GOP grapples with future as Biden administration begins: We'd be better off to 'purge' ourselves of Trump

GOP grapples with future as Biden administration begins: We'd be better off to 'purge' ourselves of Trump
Donald Trump speaking at CPAC 2011, Gage Skidmore

For many Republican lawmakers, life has changed seemingly overnight with the Democrats now controlling the White House and both chambers of Congress.

The transfer of power with majority shifts is often an awkward and difficult task that lawmakers face after elections, but in the age of Trumpism, this particular election has been quite different from any of those in the past. Now, at an impasse, the Republican Party must decide if it will turn over a new leaf or continue down the dark path Trump embarked on. While some Republican lawmakers are attempting to hold onto what is left of Trumpism, others are urging the political party to move on, according to the Associated Press.

Maryland Gov. Larry Hogan (R) who has publicly criticized former President Donald Trump on numerous occasions, also weighed in on the moment his party is facing as he referenced former President Ronald Reagan's speech where he discussed "a time for choosing."

"We have to decide if we're going to continue heading down the direction of Donald Trump or if we're going to return to our roots," Hogan, a potential 2024 White House contender, said in an interview.

"The party would be much better off if they were to purge themselves of Donald Trump," he added. "But I don't think there's any hope of him completely going away."

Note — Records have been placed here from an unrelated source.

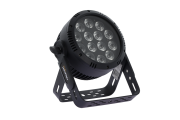 IP-PAR-1415-HEX Algam Lighting – Projecteur LED Extérieur IP65 210W RGBWA+UV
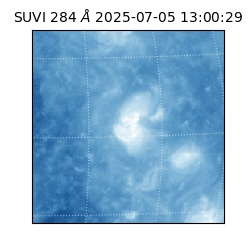 suvi - 2025-07-05T13:00:29.081000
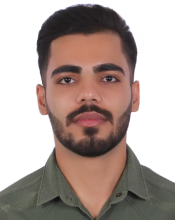 M. Karimi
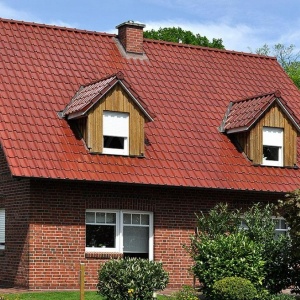 caramida decorativa Formback cu textura rustica si finisaj mat
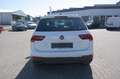 Volkswagen Tiguan 2.0 TDI Life DSG ,Std.-Hzg., Matrix AHK.... - thumbnail 6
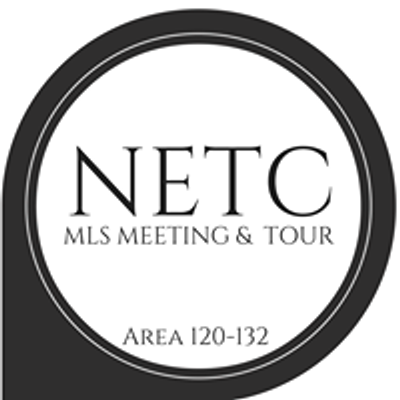 Northeast Tarrant County MLS Area Meeting & Tour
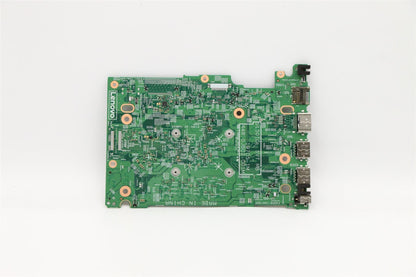 Lenovo IdeaPad 1-14IGL05 Motherboard Mainboard UMA 5B20S44208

While Sen. Ted Cruz (R-TX) has finally acknowledged President Joe Biden's victory, he still believes Trump will be a prominent figure within the Republican Party. However, he also insists the party should distance from the former president's tone and rhetoric.

"He won the election. He is the president. I just came from his inauguration," Cruz said of the newly-elected president in a recent interview.

Cruz, who is also eyeing another presidential run for the White House in 2024, also said, "President Trump surely will continue to make his views known, and they'll continue to have a real impact, but I think the country going forward wants policies that work, and I think as a party, we need to do a better job winning hearts and minds."

However, there are still many Republicans in denial about the outcome of the election even after Biden's inaugural ceremony.